DataSources | Supported |
---|---|
MySQL | Yes |
PostgreSQL | Yes |
TiDB | Yes |
Oracle | Coming soon |
CSV | Coming soon |
NDJSON | Coming soon |
go install github.com/databend/db-archiver@latest
Config your database and Databend connection in config/conf.json
:
{
"sourceHost": "127.0.0.1",
"sourcePort": 3306,
"sourceUser": "root",
"sourcePass": "123456",
"sourceDB": "mydb",
"sourceTable": "my_table",
"sourceDbTables": ["mydb.*@table.*"],
"sourceQuery": "select * from mydb.my_table",
"sourceWhereCondition": "id < 100",
"sourceSplitKey": "id",
"databendDSN": "https://cloudapp:password@tn3ftqihs--medium-p8at.gw.aws-us-east-2.default.databend.com:443",
"databendTable": "testSync.my_table",
"batchSize": 2,
"batchMaxInterval": 30,
"workers": 1,
"copyPurge": false,
"copyForce": false,
"disableVariantCheck": false,
"userStage": "~",
"deleteAfterSync": false
}
Run the tool and start your sync:
./db-archiver -f conf.json
The log output:
INFO[0000] Starting worker
2024/06/25 11:35:37 ingest 2 rows (0.565646 rows/s), 64 bytes (18.100678 bytes/s)
2024/06/25 11:35:38 ingest 1 rows (0.556652 rows/s), 33 bytes (17.812853 bytes/s)
2024/06/25 11:35:38 ingest 2 rows (0.551906 rows/s), 65 bytes (17.660995 bytes/s)
2024/06/25 11:35:38 ingest 2 rows (0.531644 rows/s), 64 bytes (17.012600 bytes/s)
2024/06/25 11:35:38 ingest 2 rows (0.531768 rows/s), 64 bytes (17.016584 bytes/s)
Parameter | Description | Default | example | required |
---|---|---|---|---|
sourceHost | source host | true | ||
sourcePort | source port | 3306 | 3306 | true |
sourceUser | source user | true | ||
sourcePass | source password | true | ||
sourceDB | source database | true | ||
sourceTable | source table | true | ||
SourceDbTables | source db tables | [] | [db.@table.,mydb..table.] | false |
sourceQuery | source query | true | ||
sourceWhereCondition | source where condition | false | ||
sourceSplitKey | source split key | no | "id" | false |
sourceSplitTimeKey | source split time key | no | "t1" | false |
timeSplitUnit | time split unit | "minute" | "day" | false |
databendDSN | databend dsn | no | "http://localhost:8000" | true |
databendTable | databend table | no | "db1.tbl" | true |
batchSize | batch size | 1000 | 1000 | false |
copyPurge | copy purge | false | false | false |
copyForce | copy force | false | false | false |
DisableVariantCheck | disable variant check | false | false | false |
userStage | user external stage name | ~ | ~ | false |
NOTE: 1. To reduce the server load, we set the sourceSplitKey
which is the primary key of the source table.
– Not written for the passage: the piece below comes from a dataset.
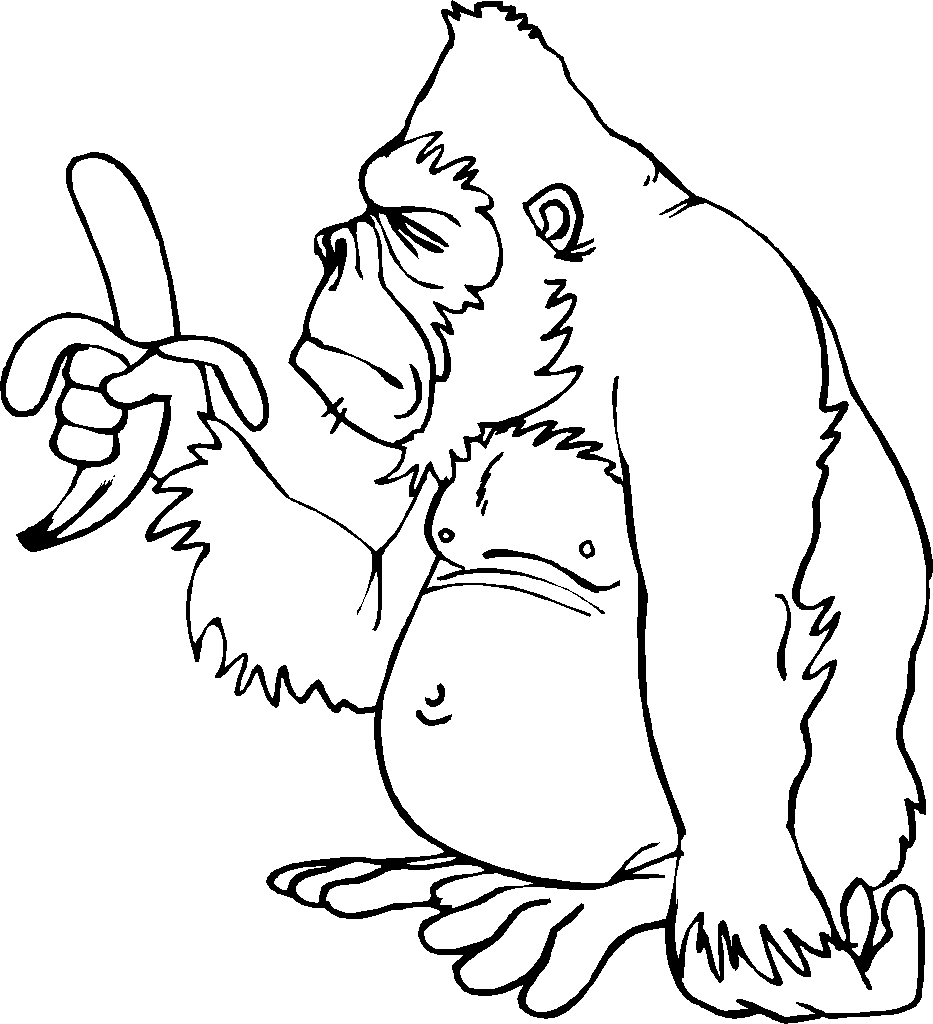 Monkey coloring pages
The tool will split the data by the sourceSplitKey
and sync the data to Databend in parallel.
The sourceSplitTimeKey
is used to split the data by the time column. And the sourceSplitTimeKey
and sourceSplitKey
must be set at least one.
2. sourceDbTables
is used to sync the data from multiple tables. The format is db.*@table.*
or db.table.*
. The .*
is a regex pattern. The db.*@table.*
means all tables match the regex pattern table.*
in the database match the regex pattern db.*
.
3. sourceDbTables
has a higher priority than sourceTable
and sourceDB
. If sourceDbTables
is set, the sourceTable
will be ignored.
4. The database
and table
all support regex pattern.
If your source table has a primary key, you can set the sourceSplitKey
to sync the data in parallel. The tool will split the data by the sourceSplitKey
and sync the data to Databend in parallel.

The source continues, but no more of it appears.